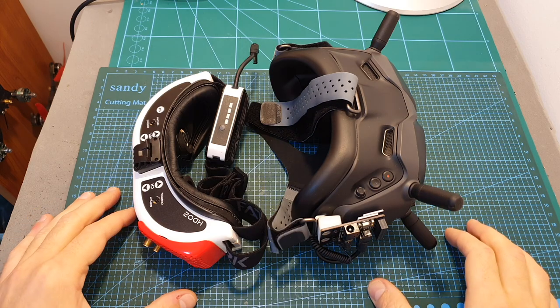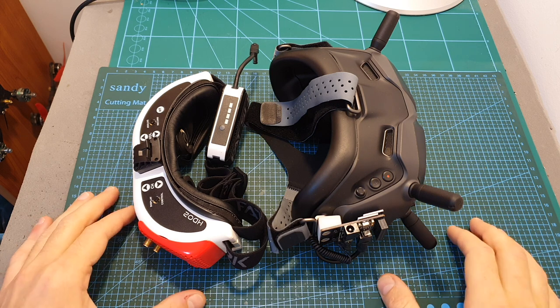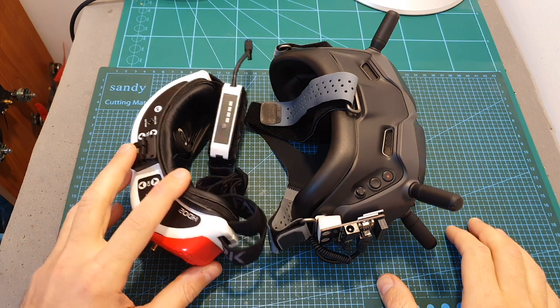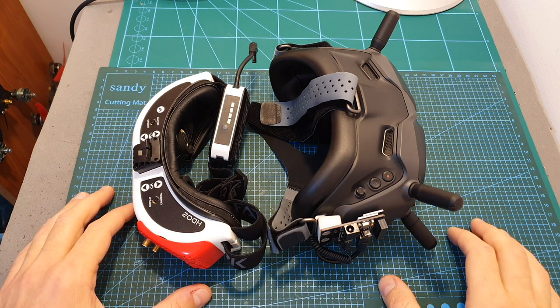So in case you consider getting the DJI HD FPV goggles and still fly your analog quadcopters, I don't think it's recommended to ditch your old FPV goggles, especially if you fly in a multipath environment. I really hope that DJI are going to release a fix that is going to solve this issue.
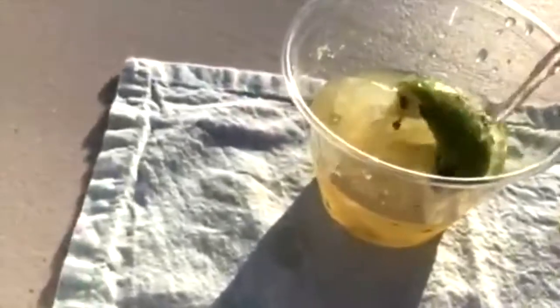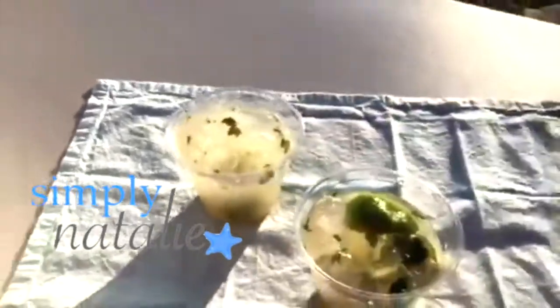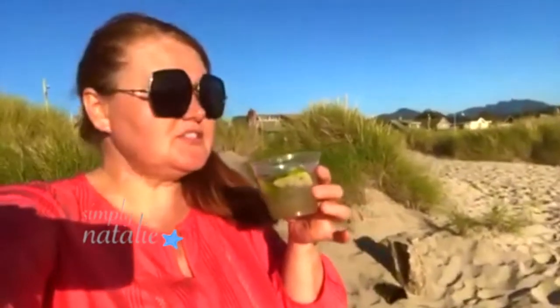Top it off with the mineral water, then add the syrup. Yeah! How yummy is this! Delicious. Mmm, so refreshing. Just loving it.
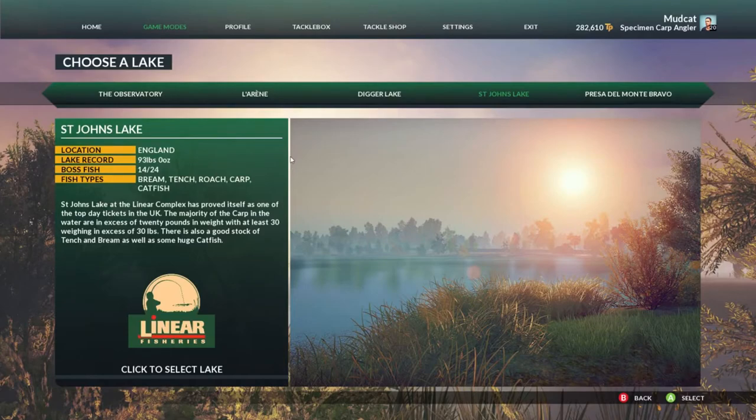Next is St. John's — this lake has everything: bream, tench, roach, carp, and catfish, with plenty of big fish. The lake record is 93 pounds, which is a catfish. For setup, I'd stick with silt and gravel bed types and cast around to find the spots if you're not familiar. You can bring a size 4 hook here if you're targeting larger fish or boss fish. There are some quite large non-boss carp over 30 pounds, so you can really bring home some big fish here.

★ ★ ★ ★ ★ ★ ★

Task statement
Produce an exact copy of every line above, with the images left out.

Answer to this problem
So in case you consider getting the DJI HD FPV goggles and still fly your analog quadcopters, I don't think it's recommended to ditch your old FPV goggles, especially if you fly in a multipath environment. I really hope that DJI are going to release a fix that is going to solve this issue.
Top it off with the mineral water, then add the syrup. Yeah! How yummy is this! Delicious. Mmm, so refreshing. Just loving it.
Next is St. John's — this lake has everything: bream, tench, roach, carp, and catfish, with plenty of big fish. The lake record is 93 pounds, which is a catfish. For setup, I'd stick with silt and gravel bed types and cast around to find the spots if you're not familiar. You can bring a size 4 hook here if you're targeting larger fish or boss fish. There are some quite large non-boss carp over 30 pounds, so you can really bring home some big fish here.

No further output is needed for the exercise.